Elu président du Congrès, le 28 juillet 2021

Mr le Haut-commissaire
Mr le président du Gouvernement
Mr le président du Sénat coutumier
Madame et Messieurs les présidents de province
Messieurs les parlementaires et maires de la NC
Aux autorités militaires, judiciaires et administratives
Aux autorités religieuses et coutumières
Mes chers collègues
Mesdames et messieurs

Permettez-moi tout d’abord d’adresser mes sincères remerciements à l’ensemble des


élus qui viennent de me renouveler leur confiance, pour la troisième fois consécutive
en me portant à la Présidence du Congrès pour la mandature 2021-2022.
Merci aux vice-présidentes du congrès Caroline Machoro-Reignier, Nadine Jalabert
Veylma Falaéo et Annie Qaeze de m’avoir si souvent représenté et suppléé en de
nombreuses occasions, au cours de ce mandat qui vient de s’achever.
Je voudrais de même saluer l’ensemble des membres du bureau, les présidents des
groupes politiques et l’ensemble des conseillers de cette assemblée ainsi que leurs
collaborateurs pour leur engagement au service de notre de notre institution et de nos
concitoyens.
Mes remerciements vont aussi aux secrétaires généraux et à l’administration du
Congrès, qui œuvrent sans relâche pour offrir un service public de qualité et pour que
l’activité institutionnelle se déroule de manière fluide et efficace.
Enfin, à toutes celles et à ceux qui depuis 2019, m’accompagnent dans ma fonction,
et dans mes actions, je vous exprime toute ma gratitude.

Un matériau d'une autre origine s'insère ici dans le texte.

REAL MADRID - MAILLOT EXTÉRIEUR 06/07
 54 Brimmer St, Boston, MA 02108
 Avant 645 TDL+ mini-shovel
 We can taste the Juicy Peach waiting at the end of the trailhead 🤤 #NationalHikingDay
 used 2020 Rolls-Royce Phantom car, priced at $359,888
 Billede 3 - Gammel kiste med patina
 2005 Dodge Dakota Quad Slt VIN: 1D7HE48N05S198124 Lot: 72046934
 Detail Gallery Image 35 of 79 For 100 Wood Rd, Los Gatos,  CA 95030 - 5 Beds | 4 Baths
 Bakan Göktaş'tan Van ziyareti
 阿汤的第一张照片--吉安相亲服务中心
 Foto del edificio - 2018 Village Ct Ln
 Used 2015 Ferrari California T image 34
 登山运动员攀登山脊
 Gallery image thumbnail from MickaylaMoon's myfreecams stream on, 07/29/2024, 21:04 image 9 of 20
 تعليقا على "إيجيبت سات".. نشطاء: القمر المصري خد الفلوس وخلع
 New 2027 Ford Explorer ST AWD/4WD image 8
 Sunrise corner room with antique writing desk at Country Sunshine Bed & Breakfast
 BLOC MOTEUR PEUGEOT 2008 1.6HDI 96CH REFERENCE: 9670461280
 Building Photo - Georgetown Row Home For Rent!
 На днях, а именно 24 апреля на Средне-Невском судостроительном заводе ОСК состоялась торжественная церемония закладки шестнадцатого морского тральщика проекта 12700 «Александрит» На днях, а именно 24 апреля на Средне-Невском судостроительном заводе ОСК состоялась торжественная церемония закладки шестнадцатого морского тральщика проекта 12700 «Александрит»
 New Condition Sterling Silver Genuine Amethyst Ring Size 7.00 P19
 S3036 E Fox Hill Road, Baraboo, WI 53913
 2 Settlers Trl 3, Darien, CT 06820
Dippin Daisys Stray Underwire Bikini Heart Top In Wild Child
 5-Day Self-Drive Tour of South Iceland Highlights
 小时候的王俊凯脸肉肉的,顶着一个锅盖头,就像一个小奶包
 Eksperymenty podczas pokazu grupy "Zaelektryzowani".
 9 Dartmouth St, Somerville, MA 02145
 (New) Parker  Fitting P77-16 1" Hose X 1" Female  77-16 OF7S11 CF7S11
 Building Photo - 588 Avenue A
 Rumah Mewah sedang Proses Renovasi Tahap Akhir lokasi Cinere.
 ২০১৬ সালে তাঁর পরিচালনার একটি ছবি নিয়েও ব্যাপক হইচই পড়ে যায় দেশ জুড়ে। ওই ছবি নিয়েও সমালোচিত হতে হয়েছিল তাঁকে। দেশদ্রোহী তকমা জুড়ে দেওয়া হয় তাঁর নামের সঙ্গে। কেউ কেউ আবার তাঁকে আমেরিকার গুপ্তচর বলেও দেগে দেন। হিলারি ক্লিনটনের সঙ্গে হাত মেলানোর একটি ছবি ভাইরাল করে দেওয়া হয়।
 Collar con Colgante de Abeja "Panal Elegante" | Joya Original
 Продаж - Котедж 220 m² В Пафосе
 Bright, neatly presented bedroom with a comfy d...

Pour la 3nde fois depuis le début de cette cinquième et dernière mandature de l’Accord
de Nouméa, ce sont les 26 voix des élus indépendantistes et celles de l’Eveil
Océanien, qui me permettent d’accéder à la présidence du Congrès.
Je mesure le courage de poser cet acte politique fort de la part d’un jeune parti, Eveil
Océanien, et je salue l’audace dont il fait preuve depuis son entrée sur l’échiquier
politique calédonien. Aujourd’hui, et c’est l’enseignement qu’il faut en tirer, les
formations politiques si petites ou si nouvelles soient telles, ne peuvent plus être
ignorées, elles contribuent de toutes leurs forces, à peser dans les décisions les plus
importantes pour notre pays qui a besoin de tous ses enfants pour construire son
avenir par la voie démocratique

Pour la première fois depuis l’Accord de Nouméa signé en 1998, se dessine une
conjoncture institutionnelle inédite : deux indépendantistes sont présidents des deux
principales institutions de la Nouvelle Calédonie, le Congrès et le Gouvernement.
C’est un grand moment apprécié par certains, et qui laisse d’autres interrogateurs sur
l’avenir. Mais c’est un immense défi qu’il faudra de toute façon relever impérativement
et collectivement, car nous sommes des insulaires tous embarqués sur la même
pirogue, relever ce défi, en toute humilité avec sincérité, force et courage. En gardant
à l’esprit que l’Accord de Nouméa a créé un système institutionnel dans lequel le
congrès est au centre. Il est l’assemblée parlementaire du pays et un lieu ouvert
d’échanges et d’expression libre de toutes les sensibilités politiques calédoniennes.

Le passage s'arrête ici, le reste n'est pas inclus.